[proofplan]
We first use orthogonal invariance of the Frobenius norm and invariance of rank under multiplication by orthogonal matrices to reduce the problem to approximating the rectangular diagonal singular value matrix $\Sigma$. The upper bound is attained by the truncated diagonal matrix $\Sigma_k$. For the lower bound, we show that any rank-$k$ approximation $C$ can only use a $k$-dimensional column space, so the part of $\Sigma$ orthogonal to that column space already contributes at least the sum of the discarded squared singular values. Translating the diagonal result back by $U$ and $V^\top$ gives the theorem.
[/proofplan]
[step:Reduce the minimisation problem to the diagonal singular value matrix]
Let $B \in \mathbb{R}^{n \times p}$ satisfy $\operatorname{rank}(B) \leq k$. Define
\begin{align*}
C := U^\top B V \in \mathbb{R}^{n \times p}.
\end{align*}
Since $U^\top: \mathbb{R}^n \to \mathbb{R}^n$ and $V: \mathbb{R}^p \to \mathbb{R}^p$ are invertible linear maps, multiplication by them preserves rank, and therefore
\begin{align*}
\operatorname{rank}(C) = \operatorname{rank}(B) \leq k.
\end{align*}
Also,
\begin{align*}
A - B = U(\Sigma - C)V^\top.
\end{align*}
Let $I_n \in \mathbb{R}^{n \times n}$ and $I_p \in \mathbb{R}^{p \times p}$ denote the identity matrices, and let $\operatorname{tr}: \mathbb{R}^{p \times p} \to \mathbb{R}$ denote the trace map $M \mapsto \sum_{j=1}^{p} M_{jj}$. The Frobenius norm is invariant under left and right multiplication by orthogonal matrices.
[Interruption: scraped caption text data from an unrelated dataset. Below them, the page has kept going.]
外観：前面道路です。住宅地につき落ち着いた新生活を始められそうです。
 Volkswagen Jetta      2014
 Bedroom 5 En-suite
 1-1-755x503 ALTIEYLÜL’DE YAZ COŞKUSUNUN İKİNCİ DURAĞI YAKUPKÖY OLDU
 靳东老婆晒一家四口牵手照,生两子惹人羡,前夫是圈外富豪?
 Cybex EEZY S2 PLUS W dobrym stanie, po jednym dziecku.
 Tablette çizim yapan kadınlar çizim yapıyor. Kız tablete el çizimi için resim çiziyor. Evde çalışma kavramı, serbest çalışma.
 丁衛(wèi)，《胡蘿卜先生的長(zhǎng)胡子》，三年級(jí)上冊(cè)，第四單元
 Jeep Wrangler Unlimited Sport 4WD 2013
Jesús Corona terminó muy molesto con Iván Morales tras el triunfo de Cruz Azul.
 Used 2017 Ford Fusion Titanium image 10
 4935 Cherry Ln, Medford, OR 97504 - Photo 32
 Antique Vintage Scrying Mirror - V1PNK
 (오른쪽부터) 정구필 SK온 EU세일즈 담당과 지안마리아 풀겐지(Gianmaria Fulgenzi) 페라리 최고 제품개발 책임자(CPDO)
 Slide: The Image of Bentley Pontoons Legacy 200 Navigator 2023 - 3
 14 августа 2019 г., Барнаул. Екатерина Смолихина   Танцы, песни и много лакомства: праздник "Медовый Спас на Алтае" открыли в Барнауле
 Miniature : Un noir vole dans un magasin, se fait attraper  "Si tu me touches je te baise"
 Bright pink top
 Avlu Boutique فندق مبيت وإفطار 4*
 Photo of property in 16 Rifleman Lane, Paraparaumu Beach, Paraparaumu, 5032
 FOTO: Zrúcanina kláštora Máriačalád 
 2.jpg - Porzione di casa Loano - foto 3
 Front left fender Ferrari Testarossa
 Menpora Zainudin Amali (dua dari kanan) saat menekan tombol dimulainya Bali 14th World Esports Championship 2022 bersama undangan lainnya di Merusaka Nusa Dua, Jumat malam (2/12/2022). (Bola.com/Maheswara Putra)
Indeed,
\begin{align*}
\|U(\Sigma - C)V^\top\|_F^2
&= \operatorname{tr}\left((U(\Sigma - C)V^\top)^\top U(\Sigma - C)V^\top\right)\\
&= \operatorname{tr}\left(V(\Sigma - C)^\top U^\top U(\Sigma - C)V^\top\right)\\
&= \operatorname{tr}\left(V(\Sigma - C)^\top(\Sigma - C)V^\top\right)\\
&= \operatorname{tr}\left((\Sigma - C)^\top(\Sigma - C)V^\top V\right)\\
&= \operatorname{tr}\left((\Sigma - C)^\top(\Sigma - C)\right)\\
&= \|\Sigma - C\|_F^2.
\end{align*}
Thus minimising $\|A-B\|_F$ over rank at most $k$ matrices $B$ is equivalent to minimising $\|\Sigma-C\|_F$ over rank at most $k$ matrices $C$.
[guided]
The [singular value decomposition](/theorems/3071) expresses $A$ as an orthogonal change of coordinates on the left, followed by the diagonal singular value matrix, followed by an orthogonal change of coordinates on the right. Since orthogonal changes of coordinates preserve Euclidean lengths, they should also preserve the Frobenius norm.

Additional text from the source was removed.